- Capital: Hubat??
- Common languages: Harla
- Religion: Traditional religion(s); (before c. 701) Islam; (after c. 701)
- Government: Monarchy
- • Established: 501
- • Disestablished: 1500
|  | Succeeded by |
|  | Makhzumi dynasty / ; Harar / |
- Today part of: Ethiopia Djibouti Somalia

= Harla kingdom =

Middle-Age state in modern eastern Ethiopia

The Harla kingdom was a sixth-century Harla state centered around what is present day eastern Ethiopia. It is regarded as the most powerful state in the region after the fall of the adjacent Kingdom of Axum in the 7th century. Its territory stretched from Great Rift Valley in southern Ethiopia to the northern area of modern Djibouti prior to the advent of Islam in the region. Timothy Insoll identifies the Harlaa ruins to be Hubat the capital of the Harla state, a subordinate of Ifat Sultanate in the thirteenth century and later under the Adal Sultanate as an autonomous tribal confederation in the fifteenth century. Researcher Dominico Patassini states the Harla kingdom was succeeded by Harar city-state in the sixteenth century.

==History==
The kingdom had trading relations with the Ayyubid and Tang dynasties. It also established its own currency and calendar. Early Muslim states in the Horn of Africa such as the Makhzumi dynasty had their bases within Harla territories. In the Islamic period the state is recorded by Ethiopian as well as Arab medieval writers including al-Mufaddal ibn Abi al-Fada'il and Ibn Sa'id al-Maghribi. According to historian Mohammed Hassen a power struggle had developed in the early sixteenth century between Harla state leaders and the Walashma dynasty.

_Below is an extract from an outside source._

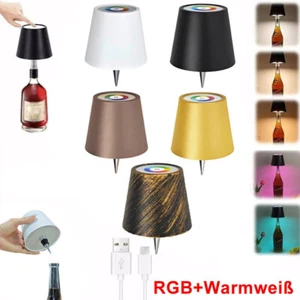 RGB LED Flaschenaufsatz Tisch Lampe Flaschen-Leuchte Deko-Licht Dimmbar USB Akku - Bild 1 von 28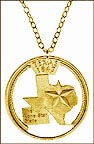 Texas, Gold Plated Cut-Out Coin Necklace MAIN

Recent excavations indicated consumption of wild pigs were prevalent in Harla as opposed to in neighboring kingdom of Aksum. The excavations were done by the Institute of Arab and Islamic Studies of the University of Exeter as part of the Becoming Muslim project at the urban sites of Harlaa in 2017–2019, Harar in 2014–2018, and Ganda Harla 2014, located in the eastern part of Ethiopia. Substantial assemblages of faunal remains were recovered over the seasons.

The Harlaa archaeological site is located 40 km north-west of Harar and 15 km southeast of Dire Dawa and is the ‘Harla’ stone-built towns and funerary monuments whose origins are ascribed by the Oromo people to a legendary ancient race of giants who occupied the region before the Oromo arrived in the area. Harlaa was a large urban centre covering an area of around 500m east to west and 900m north to south excluding outlying cemeteries. It was composed of several elements including a central settlement area, workshops, three early mosques, wells, lengths of fortification wall, and cemeteries to the north, east, and west. Harlaa predates both Harar and Ganda Harlaa and provided the longest chronology with dates spanning between the mid-sixth and early fifteenth century.

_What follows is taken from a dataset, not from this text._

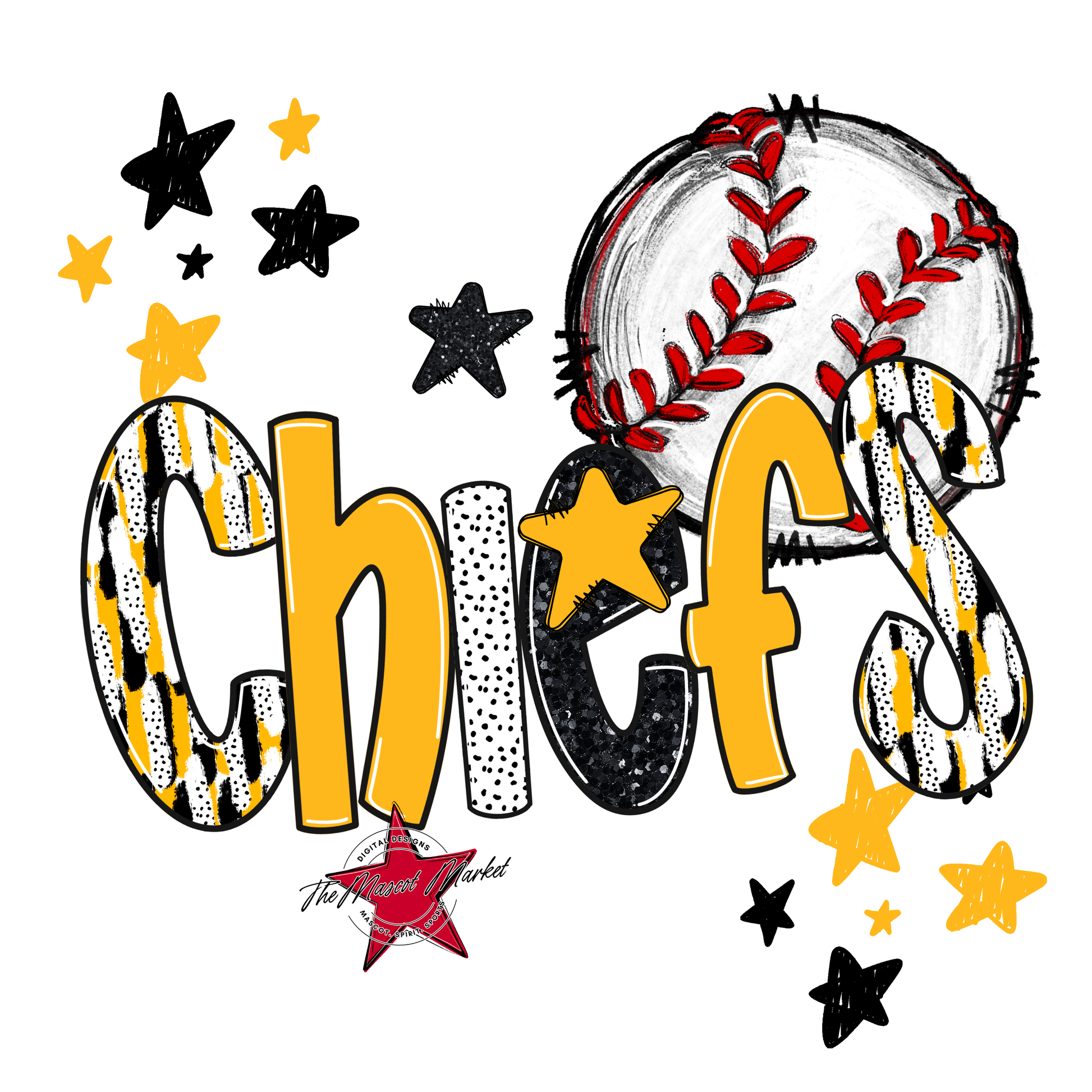 Chiefs Baseball Scrape-Yellow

The Harar site is situated in the Harar Plateau in a more heavily vegetated landscape, having an area of 1000×800 m, and at its core the historic city of Harar which is surrounded by a wall and is accessed by five gates. The excavations indicated that occupation in Harar postdated the fifteenth century and that the city and its mosques were linked with the establishment of Harar as the capital of the Sultanate of Adal.

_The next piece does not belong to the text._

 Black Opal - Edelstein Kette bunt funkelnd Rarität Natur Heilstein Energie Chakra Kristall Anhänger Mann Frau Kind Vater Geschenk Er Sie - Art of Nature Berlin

The Ganda Harla is an abandoned settlement located 12.5 km southeast of Harar on a hill west of the village of Sofi and is linked with the Harla in local tradition. The zooarchaeological data indicated the inhabitants were hunters of wild animals in open terrain and scrub hillsides with the exception of Kobus kob which are more commonly found at lower elevations such as in valleys and riverine grasslands. The locals also kept domesticated animals such cattle (Bos taurus/indicus), goat (Capra hircus), sheep, and transport livestock such as donkey, horse and camel. The excavations also uncovered significant evidence for manufacturing and participation in regional and international Red Sea and western Indian Ocean trade networks. The study concluded the inhabitants use of heavy knives and carcass dismemberment showed they had cultural commonalities with the Islamic world of Arabia, Anatolia, Mesopotamia, Levant, and Iberia despite the lack of butchery discussions in zooarchaeological literature from the Islamic world and their non-observance of Islamic dietary laws.